What needs to be done: Pictures in the data should be dropped; transcribe exactly the lines from the one that has "ROBUD Wooden Cream" through the one that has "White Pants Streetwear".

Given records:
■ ■ ■ ■ ■ ■ ■
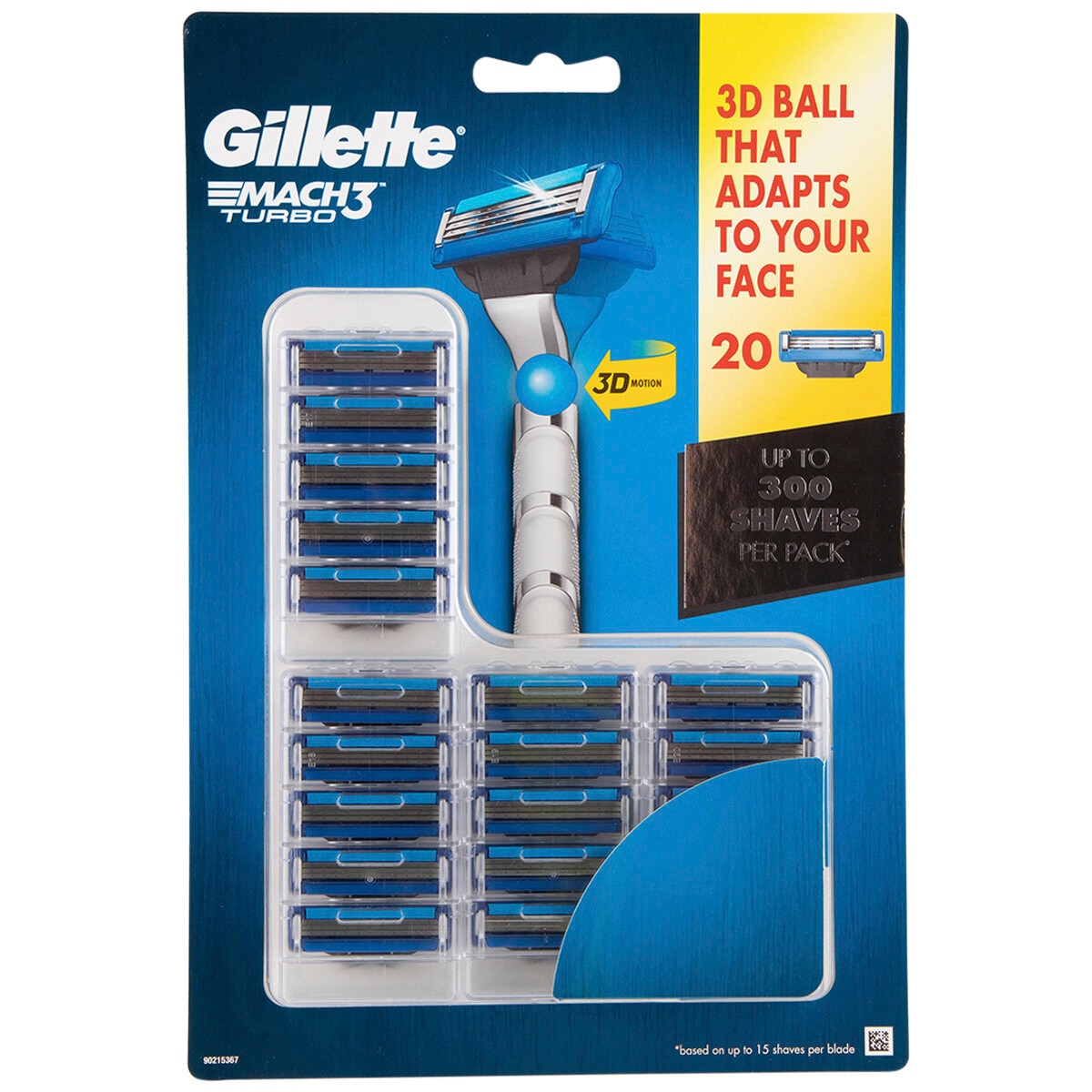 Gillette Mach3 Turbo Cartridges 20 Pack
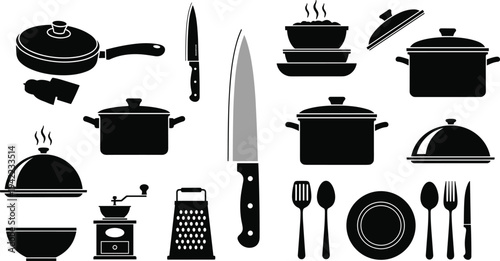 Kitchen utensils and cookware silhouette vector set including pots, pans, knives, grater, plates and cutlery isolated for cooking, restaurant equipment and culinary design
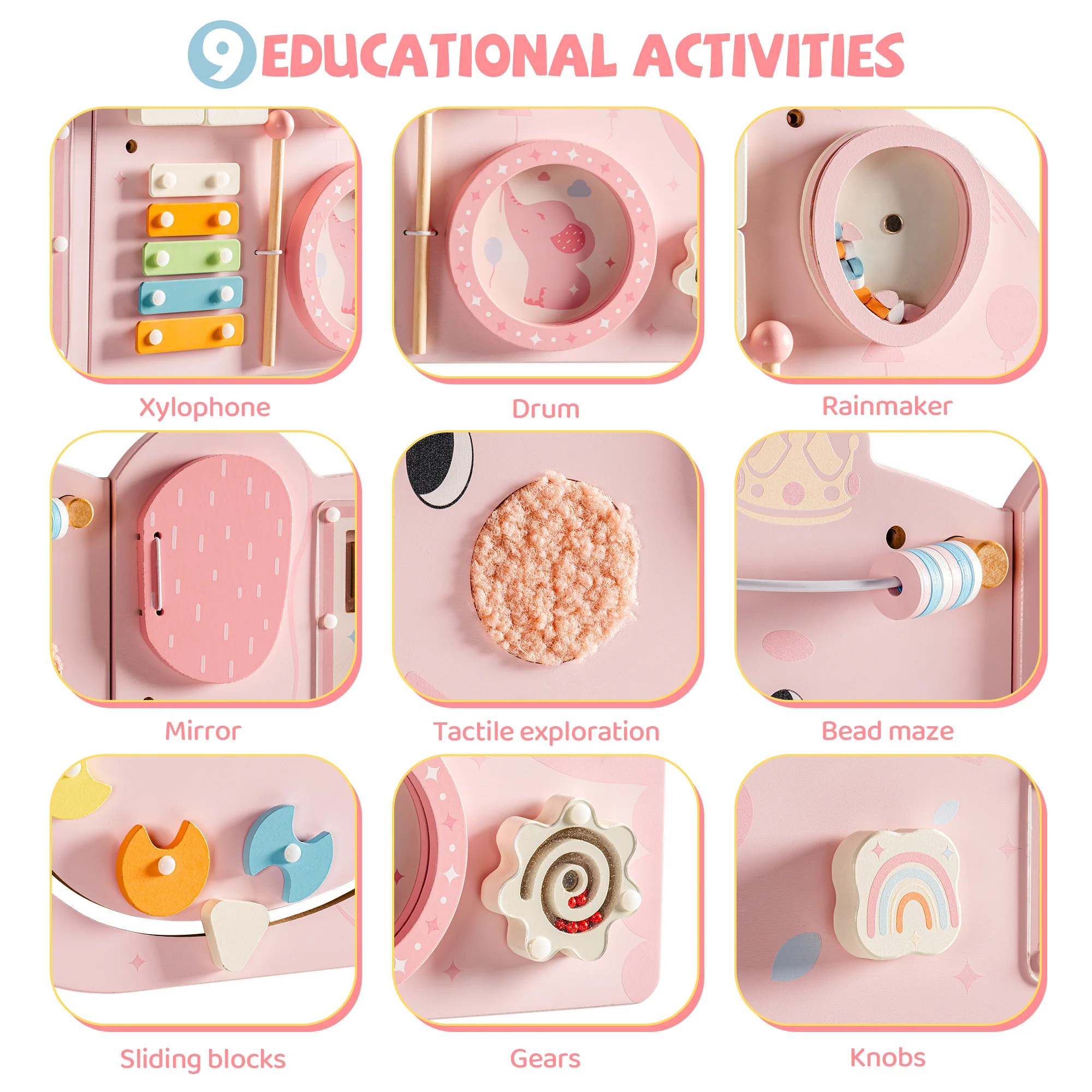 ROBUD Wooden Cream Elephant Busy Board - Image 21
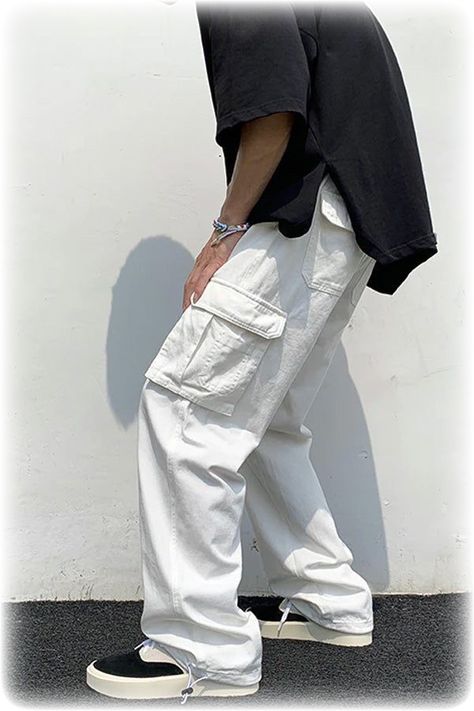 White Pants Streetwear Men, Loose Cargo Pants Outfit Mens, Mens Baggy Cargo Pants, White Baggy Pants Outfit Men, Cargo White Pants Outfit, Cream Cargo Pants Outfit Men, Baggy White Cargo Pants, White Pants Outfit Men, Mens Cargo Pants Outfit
■ ■ ■ ■ ■ ■ ■
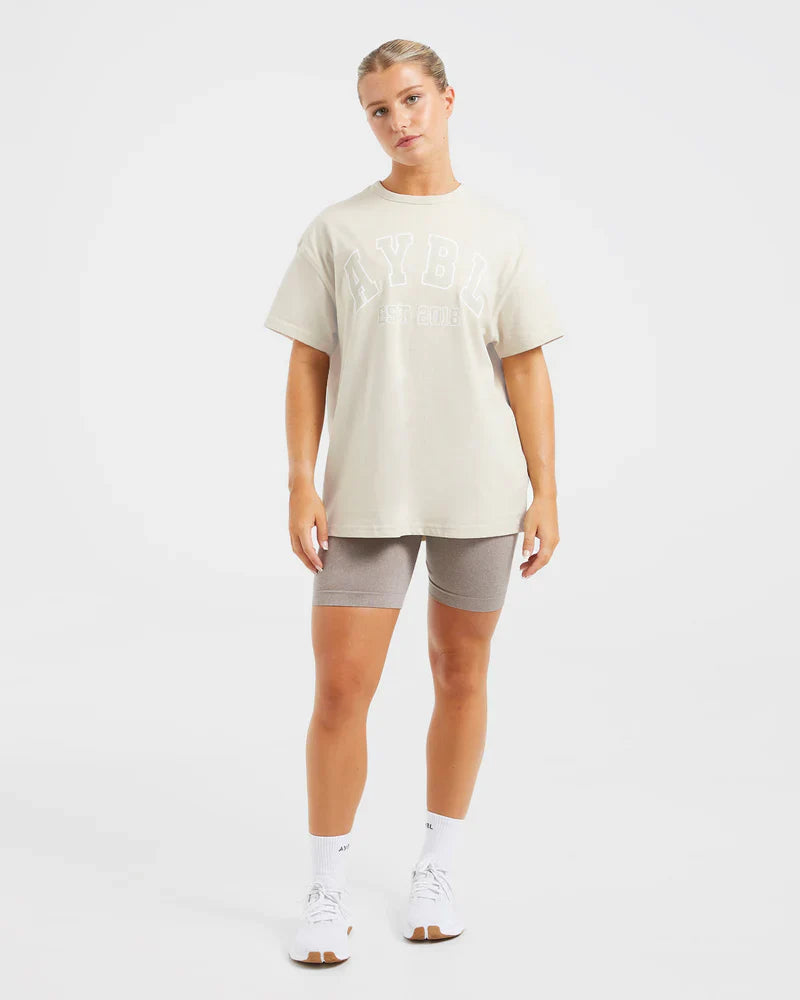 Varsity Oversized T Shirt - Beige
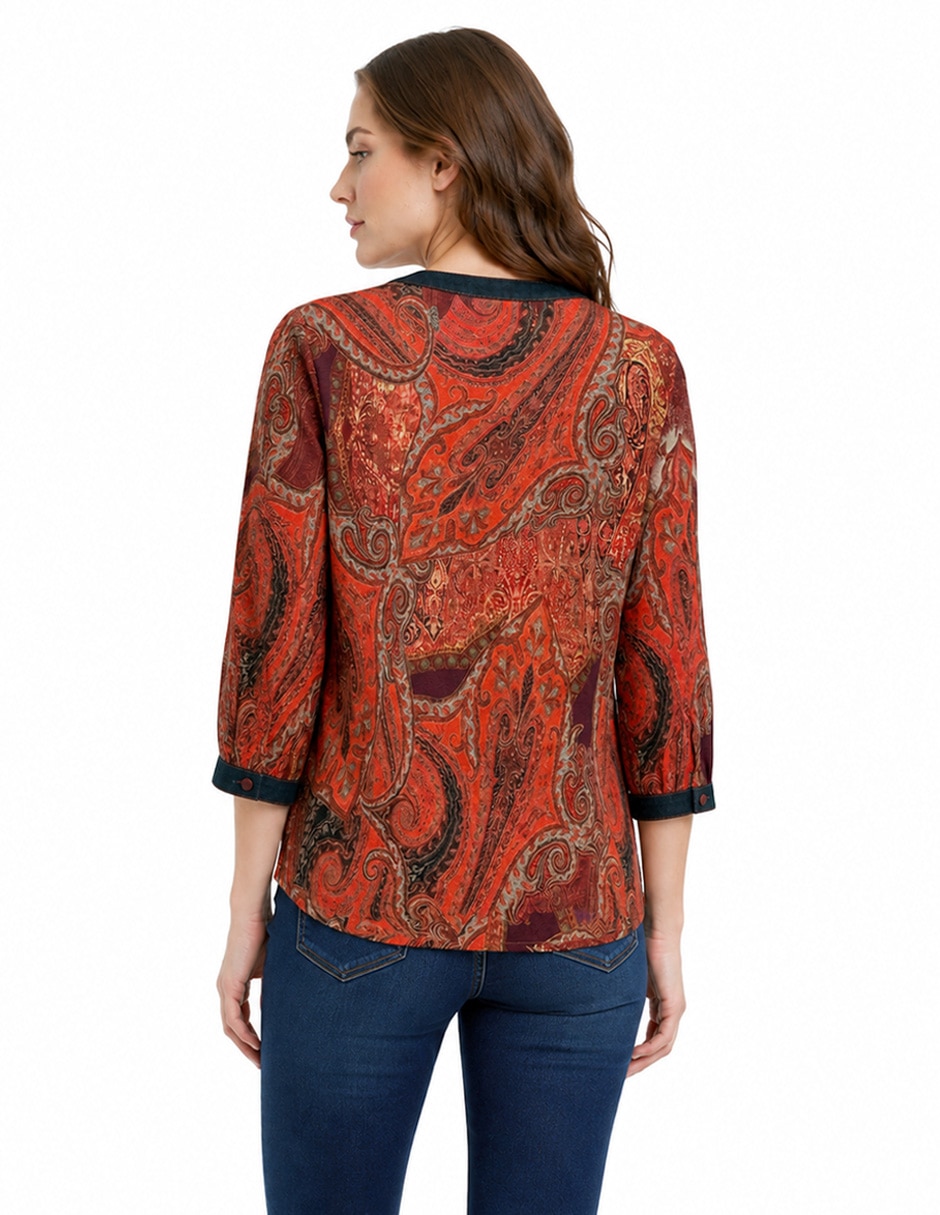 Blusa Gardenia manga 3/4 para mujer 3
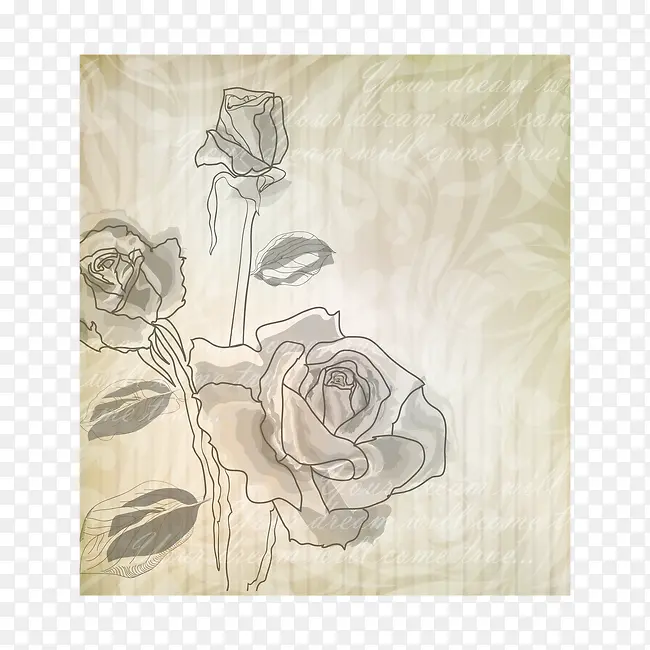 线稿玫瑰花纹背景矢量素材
■ ■ ■ ■ ■ ■ ■
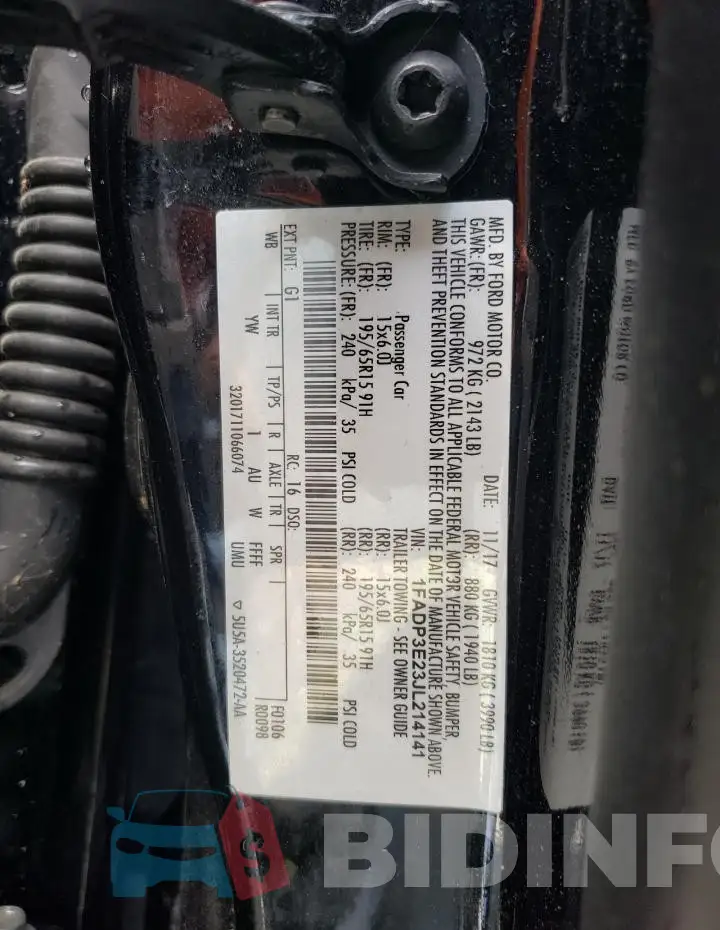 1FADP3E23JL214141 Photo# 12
■ ■ ■ ■ ■ ■ ■
Answer area:
 ROBUD Wooden Cream Elephant Busy Board - Image 21
 White Pants Streetwear Men, Loose Cargo Pants Outfit Mens, Mens Baggy Cargo Pants, White Baggy Pants Outfit Men, Cargo White Pants Outfit, Cream Cargo Pants Outfit Men, Baggy White Cargo Pants, White Pants Outfit Men, Mens Cargo Pants Outfit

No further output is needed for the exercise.